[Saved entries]
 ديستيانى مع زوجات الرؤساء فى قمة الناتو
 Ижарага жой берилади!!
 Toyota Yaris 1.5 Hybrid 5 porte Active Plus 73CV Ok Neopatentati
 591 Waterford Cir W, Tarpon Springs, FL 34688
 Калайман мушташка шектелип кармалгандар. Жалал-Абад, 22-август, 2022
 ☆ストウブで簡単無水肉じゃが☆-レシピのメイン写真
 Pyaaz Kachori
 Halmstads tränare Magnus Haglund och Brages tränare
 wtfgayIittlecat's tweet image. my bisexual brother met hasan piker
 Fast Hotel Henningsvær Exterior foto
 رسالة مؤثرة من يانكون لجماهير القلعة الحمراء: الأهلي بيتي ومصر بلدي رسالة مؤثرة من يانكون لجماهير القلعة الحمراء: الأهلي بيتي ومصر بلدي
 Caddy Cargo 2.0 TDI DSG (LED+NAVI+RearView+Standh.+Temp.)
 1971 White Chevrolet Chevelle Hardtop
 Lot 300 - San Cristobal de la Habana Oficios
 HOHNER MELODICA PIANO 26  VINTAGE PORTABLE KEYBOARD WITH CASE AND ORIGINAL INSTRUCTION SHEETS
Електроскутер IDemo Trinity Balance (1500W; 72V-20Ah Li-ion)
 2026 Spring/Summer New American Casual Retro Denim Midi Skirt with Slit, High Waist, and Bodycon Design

Your goal:
Transcribe exactly, and only, the lines that extend from the one containing "Ижарага жой берилади!!" to the end of the records above, inclusive of both.

Result of this task:
 Ижарага жой берилади!!
 Toyota Yaris 1.5 Hybrid 5 porte Active Plus 73CV Ok Neopatentati
 591 Waterford Cir W, Tarpon Springs, FL 34688
 Калайман мушташка шектелип кармалгандар. Жалал-Абад, 22-август, 2022
 ☆ストウブで簡単無水肉じゃが☆-レシピのメイン写真
 Pyaaz Kachori
 Halmstads tränare Magnus Haglund och Brages tränare
 wtfgayIittlecat's tweet image. my bisexual brother met hasan piker
 Fast Hotel Henningsvær Exterior foto
 رسالة مؤثرة من يانكون لجماهير القلعة الحمراء: الأهلي بيتي ومصر بلدي رسالة مؤثرة من يانكون لجماهير القلعة الحمراء: الأهلي بيتي ومصر بلدي
 Caddy Cargo 2.0 TDI DSG (LED+NAVI+RearView+Standh.+Temp.)
 1971 White Chevrolet Chevelle Hardtop
 Lot 300 - San Cristobal de la Habana Oficios
 HOHNER MELODICA PIANO 26  VINTAGE PORTABLE KEYBOARD WITH CASE AND ORIGINAL INSTRUCTION SHEETS
Електроскутер IDemo Trinity Balance (1500W; 72V-20Ah Li-ion)
 2026 Spring/Summer New American Casual Retro Denim Midi Skirt with Slit, High Waist, and Bodycon Design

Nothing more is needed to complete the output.